While this blog primarily focuses on residential landlord-tenant law, on occasion I also touch on issues applicable to commercial landlord-tenant law.  This is one such instance.

Commercial landlord-tenant is more straightforward than residential in my opinion because commercial tenancies are less regulated than residential.  Typically what a commercial landlord and tenant agreed to and placed into their lease agreement is what governs.  The Wisconsin Administrative Code’s ATCP 134 does not apply to commercial leases and most of Chapter 704 of the Wisconsin Statutes does not apply to commercial leases unless (1) the parties had no written lease, or (2) the lease was silent as to certain issues (see sec. 704.03 and 704.05 respectively).

Well, that has all changed now with the passage of 2011 Wisconsin Act 143 which was signed into law last week and will take effect on March 31, 2012.

While almost all of the attention paid to the new law surrounded its effects on residential landlord-tenant law, the law also impacts the commercial arena as well.  I too was caught up in the effect Act 143 would have on residential landlords and missed the applicability of this new law to commercial landlords initially  — thanks to Bob Anderson of Legal Aid of Wisconsin for redirecting me : )

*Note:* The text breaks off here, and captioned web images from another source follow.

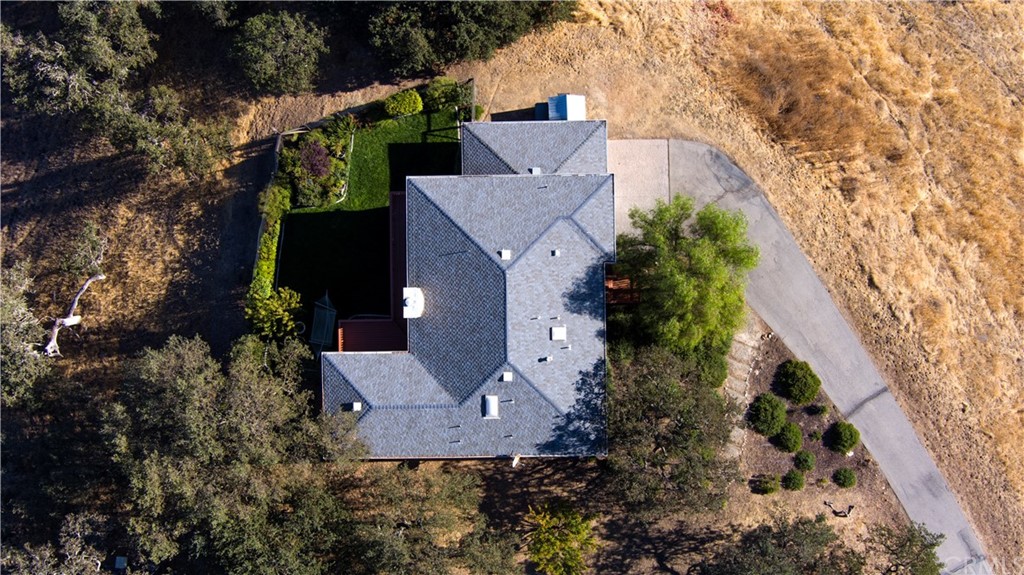 7250 Rancho Verano Place Paso Robles, CA 93446 - Photo 48 of 49 an aerial view of house with yard and parking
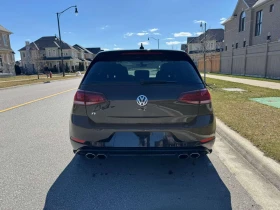 VW Golf R *  РЪЧНИ СКОРОСТИ * CARFAX * KEYLESS * ПОДГРЕВИ, снимка 4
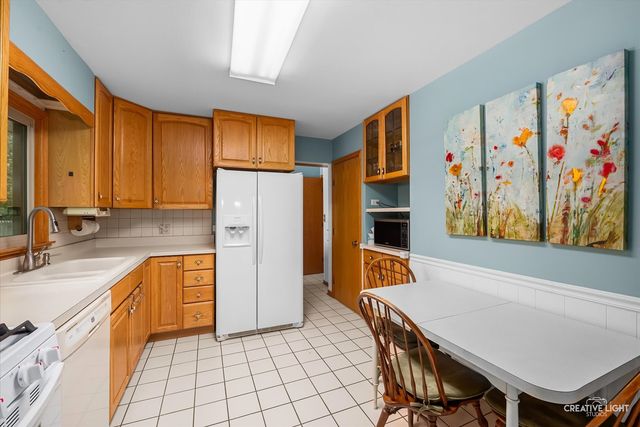 160 Forest Park Lane, Hoffman Estates, IL 60169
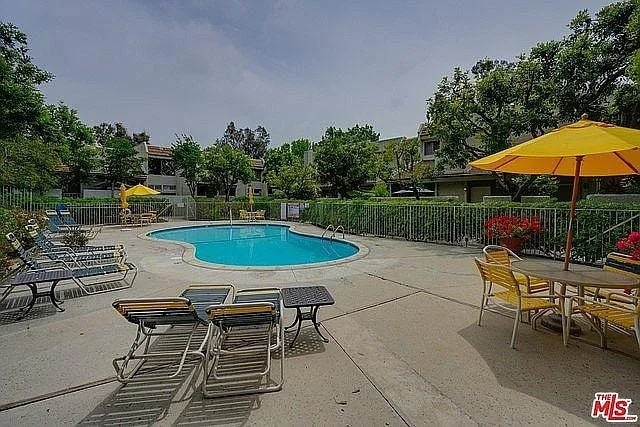 Building Photo - 11818 Moorpark St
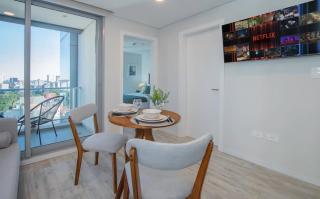 High-Floor City Base with Fast WiFi Gym Pool and Sauna - 8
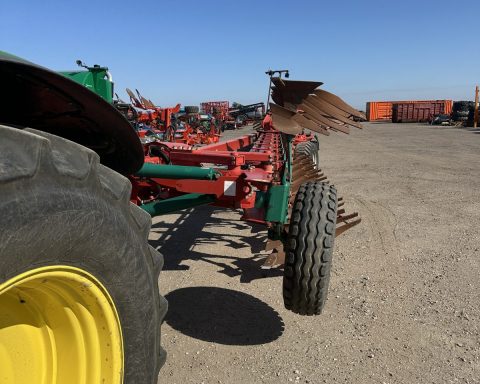 Kverneland RW-100 8+4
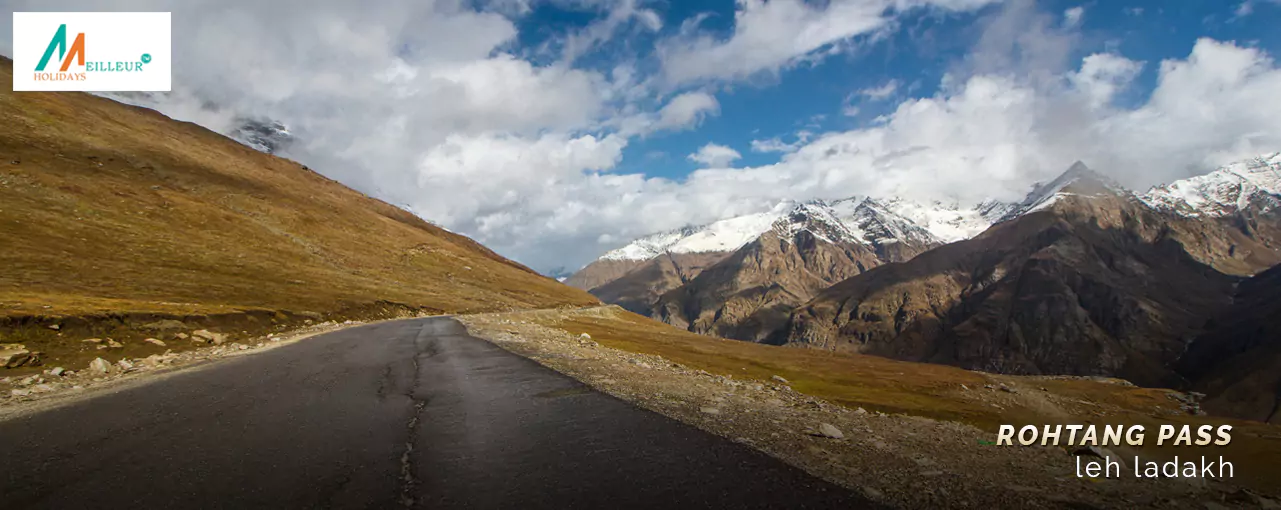 Manali to  Leh Ladakh by Road Rohtang Pass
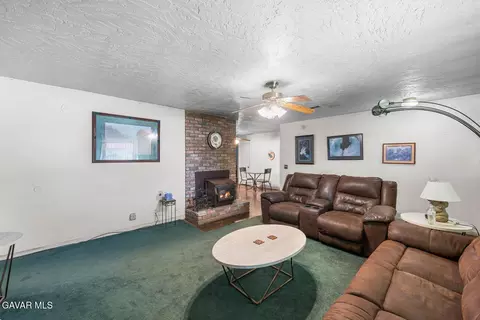 1334 Franklin Ave, Lancaster, CA 93535 photo 6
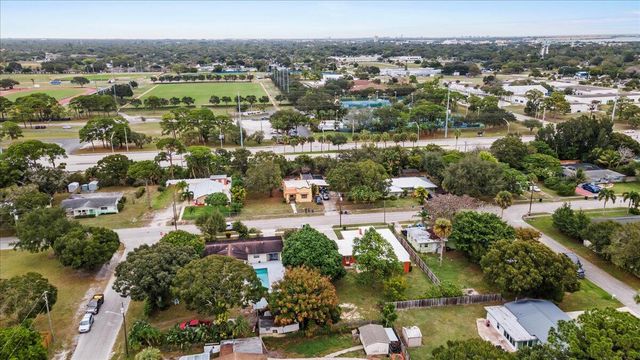 1407 Wyoming Avenue, Fort Pierce, FL 34982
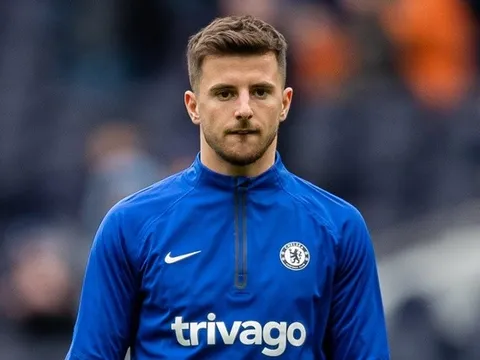 Pochettino cần một phép màu để giữ chân Mount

As I have mentioned in prior posts, this legislation was fast-tracked for some reason and rushing new laws through the legislative process is never a good thing.  In fact it is a recipe for disaster.

It appears that the legislators did not realize that Senate Bill 466 — the precursor to Act 143 — was written in such a way as to encompass commercial landlord-tenant law.  When it was brought to their attention, a quick amendment was made to exclude one portion of the new law (the section that makes a rental agreement void if it contains certain prohibited language) from the commercial arena, but apparently there was not enough time to deal with the other sections of the new law, which now will apply to both commercial and residential tenancies.

So what do we have?

The following provisions of Act 143 apply to both commercial landlord-tenant law as well as residential:

1.  Moratorium on evictions

2.  Severability of rental agreement provisions

3.  Disposition of abandoned property

4.  Requirement that landlords receive an award of holdover damages when appropriate

5.  Acceptance of past due rents

6.  Withholding from and return of security deposits

7.  Making any violation of chapter 704 a possible unfair trade practice

If you are unfamiliar with the above sections of the new law you should read my prior post summarizing the new law.

Number 1-5 above actually benefit commercial landlords.  However numbers 6 and 7 are problematic

By adding ATCP 134.06, which focuses on the withholding from and the return of security deposits, to chapter 704, the new law has now made these requirements applicable to commercial landlords as well.  Prior to Act 143 being passed, there was no law addressing what a commercial landlord could withhold from a commercial tenant’s security deposit, nor was there any law regarding when that security deposit (or an itemization as to how the security deposit was applied) had to be returned to the commercial tenant.  Well thanks to Act 143, now there is.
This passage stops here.